#### PROBLEM DETAILS
Leave out all pictures while you copy the lines exactly from the one with "Casual Men Black" through the last line of the listing.

#### INFORMATION SUPPLIED
○ ○ ○ ○ ○

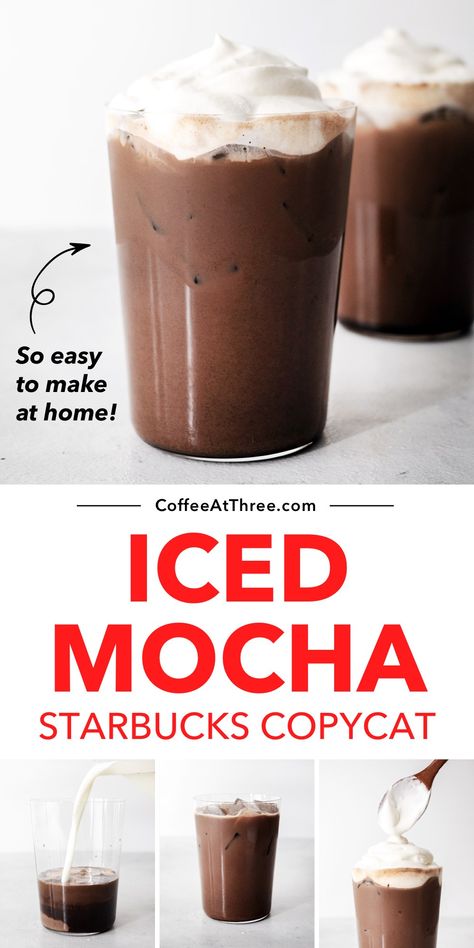 Starbucks Iced Mocha Recipe, Iced Mocha Latte Recipe, Cafe Mocha Recipe, Iced Mocha Recipe, Mocha Coffee Recipe, Iced Mocha Coffee, Mocha Latte Recipe, Nespresso Recipes, Cold Brew Coffee Recipe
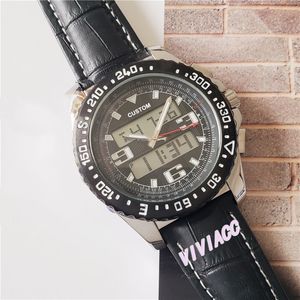 Casual Men Black Ceramic Bezel Digital Watch Sport LED Relojes de doble pantalla Reloj de pulsera electrónico de cuarzo de acero inoxidable a prueba de agua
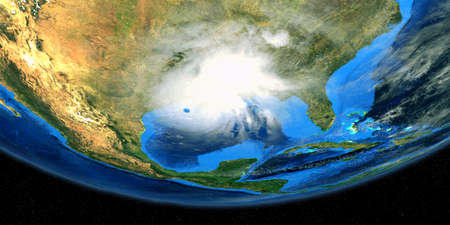 Hurricane Laura making Landfall in USA. Shot from Space.の写真素材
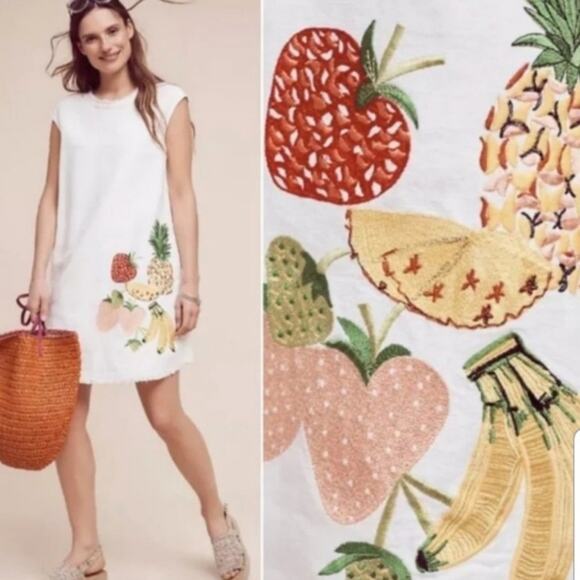 Holding Horses Anthropologie White Linen Fruit Salad Dress size small - Picture 2 of 13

○ ○ ○ ○ ○

#### TASK OUTPUT
 Casual Men Black Ceramic Bezel Digital Watch Sport LED Relojes de doble pantalla Reloj de pulsera electrónico de cuarzo de acero inoxidable a prueba de agua
 Hurricane Laura making Landfall in USA. Shot from Space.の写真素材
 Holding Horses Anthropologie White Linen Fruit Salad Dress size small - Picture 2 of 13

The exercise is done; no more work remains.